The report demonstrates that progress is being made in some critical areas, and that some favorable trends are evident. Extreme poverty has declined considerably, the under-5 mortality rate fell by 49 per cent between 2000 and 2017, immunizations have saved millions of lives, and the vast majority of the world’s population now has access to electricity. Countries are taking concrete actions to protect our planet: marine protected areas have doubled since 2010; countries are working concertedly to address illegal fishing; 186 parties have ratified the Paris Agreement on climate change, and almost all have communicated their first nationally determined contributions. About 150 countries have developed national policies to respond to the challenges of rapid urbanization, and 71 countries and the European Union now have more than 300 policies and instruments supporting sustainable consumption and production. And a wide range of other actors—international organizations, businesses, local authorities, the scientific community and civil society—have engaged with the SDGs in a manner that generates great hope for the coming decade. The United Nations, for its part, is working hard to reposition to the United Nations development system to be better equipped to meet the needs of governments to respond to this integrated and transformative agenda.
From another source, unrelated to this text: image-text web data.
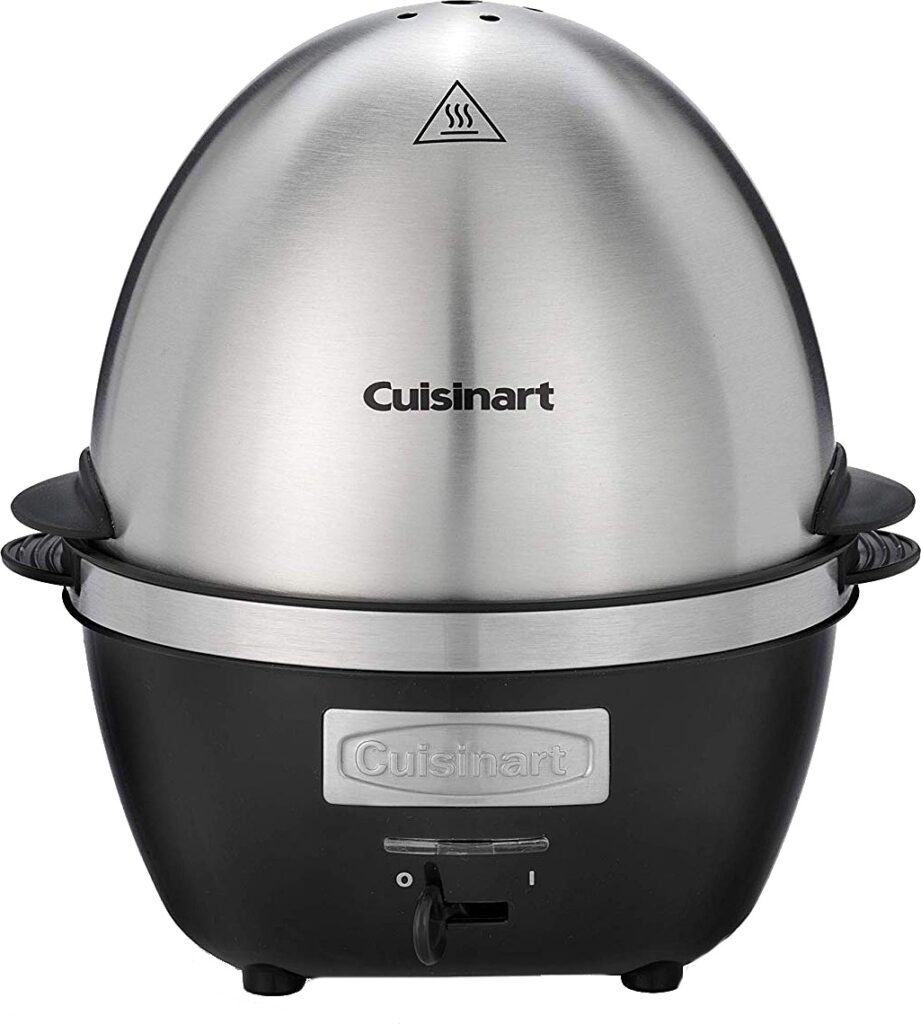 cuisinart cec10e çok i̇şlevli yumurta pişirici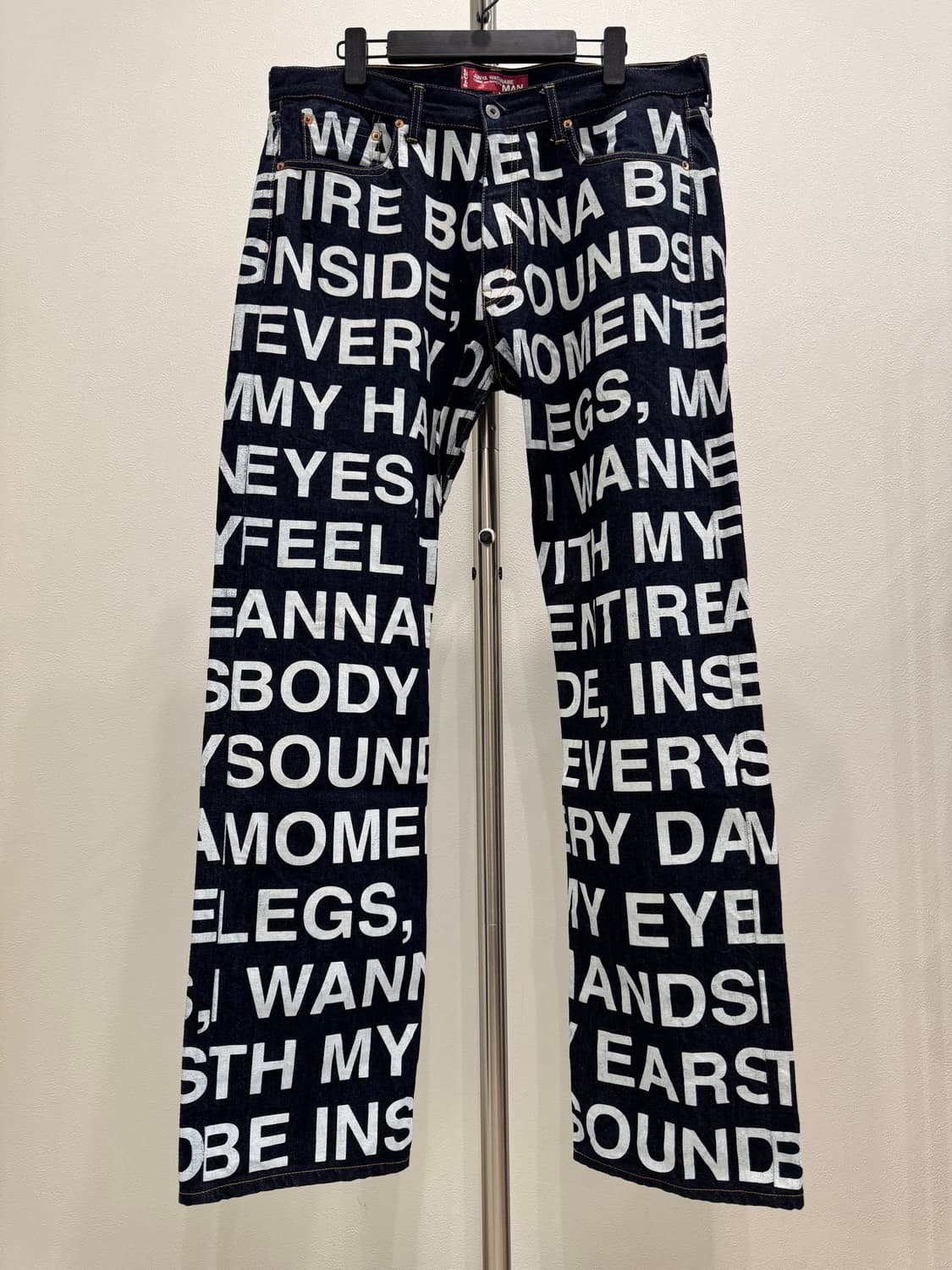 준야와타나베 17aw 리바이스 Poem 데님 상품이미지2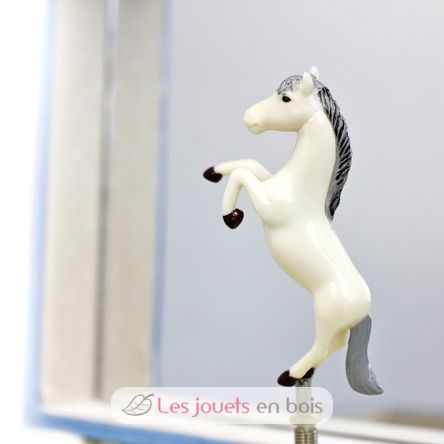 Musical jewelry box Horses Camargue TR-S60621 Trousselier 3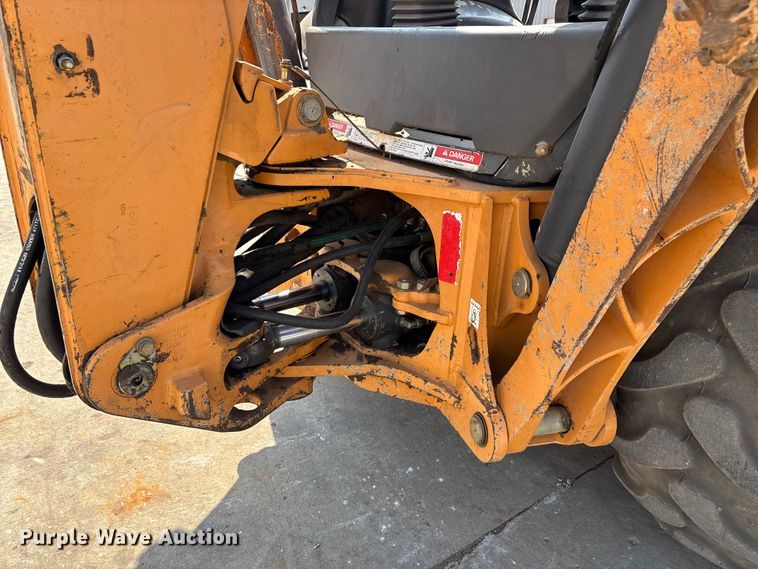 image for item EN5594 2013 Case 580 Super N backhoe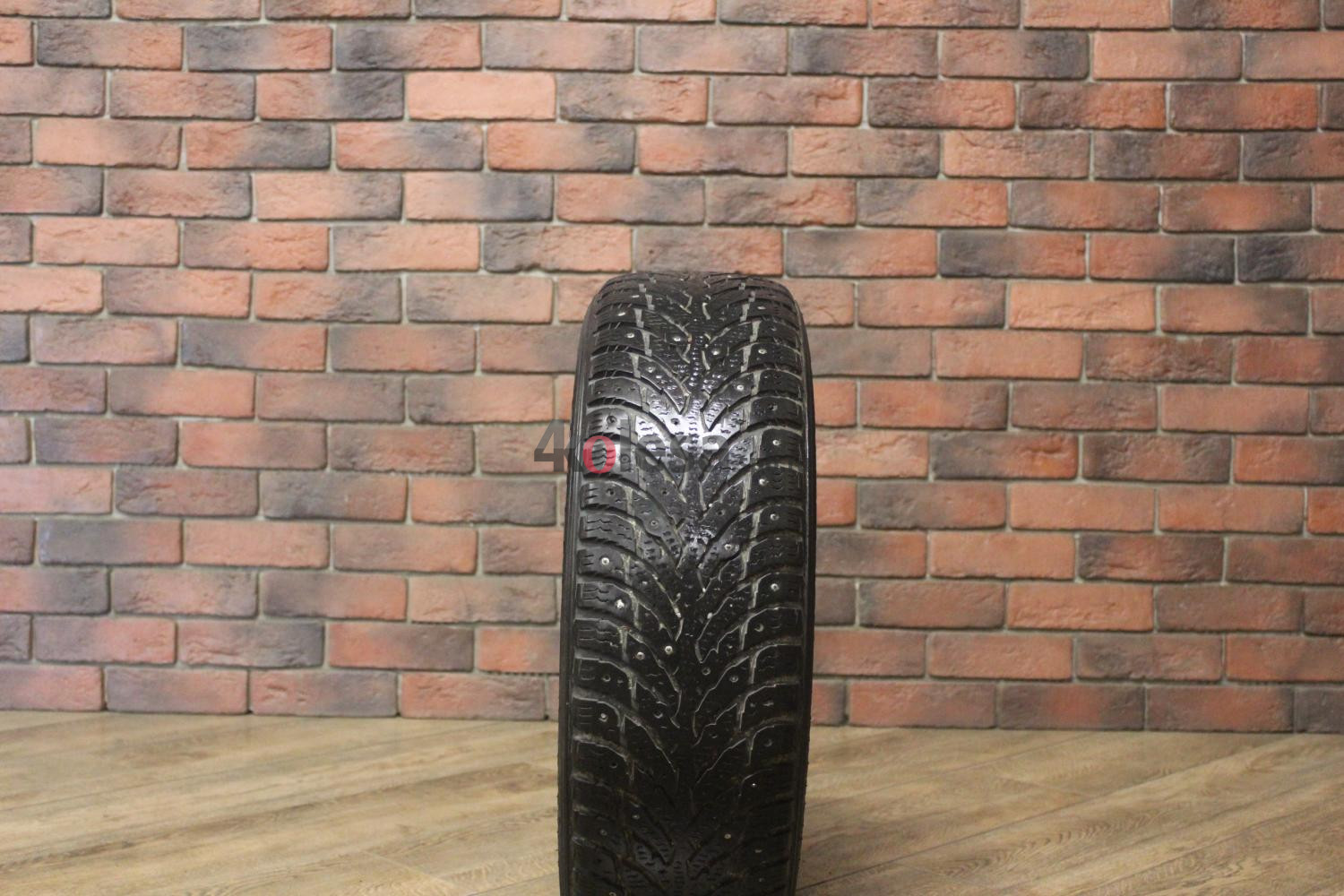 Зимние шипованные шины R15 185/65 Nokian Tyres Hakkapeliitta 9 бу (4-5 мм.) остаток шипов 25-49%
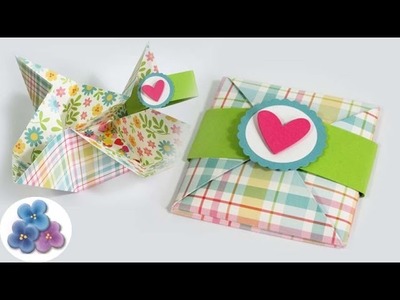 Tarjetas de Cumpleaños Creativas Pop Up y Día de la Madre *Manualidades Origami* Pintura Facil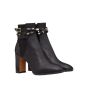 Valentino ROCKSTUD GRAINY CALFSKIN ANKLE BOOT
Notwithstanding that progress, this report identifies many areas that need urgent collective attention. The natural environment is deteriorating at an alarming rate: sea levels are rising; ocean acidification is accelerating; the past four years have been the warmest on record; one million plant and animal species are at risk of extinction; and land degradation continues unchecked. We are also moving too slowly in our efforts to end human suffering and create opportunity for all: our goal to end extreme poverty by 2030 is being jeopardized as we struggle to respond to entrenched deprivation, violent conflicts and vulnerabilities to natural disasters. Global hunger is on the rise, and at least half of the world’s population lacks essential health services. More than half of the world’s children do not meet standards in reading and mathematics; only 28 per cent of persons with severe disabilities received cash benefits; and women in all parts of the world continue to face structural disadvantages and discrimination.
It is abundantly clear that a much deeper, faster and more ambitious response is needed to unleash the social and economic transformation needed to achieve our 2030 goals. From our advances, we know what works. This report therefore highlights areas that can drive progress across all 17 SDGs: financing; resilience; sustainable and inclusive economies; more effective institutions; local action; better use of data; and harnessing science, technology and innovation with a greater focus on digital transformation. In everything we do, we must diligently ensure that policy choices leave no one behind, and that national efforts are supported by effective international cooperation, grounded in a commitment to diplomacy and crisis prevention.
The SDG Summit, the Climate Action Summit and the other crucial meetings that will take place in New York in September 2019 provide leaders everywhere with an opportunity to get the world back on track and to kick-start a decade of delivery for people and the planet. The time is right, and we must act now. In that spirit, I commend this report to a wide global audience.
The coming years will be a vital period to save the planet and to achieve sustainable, inclusive human development.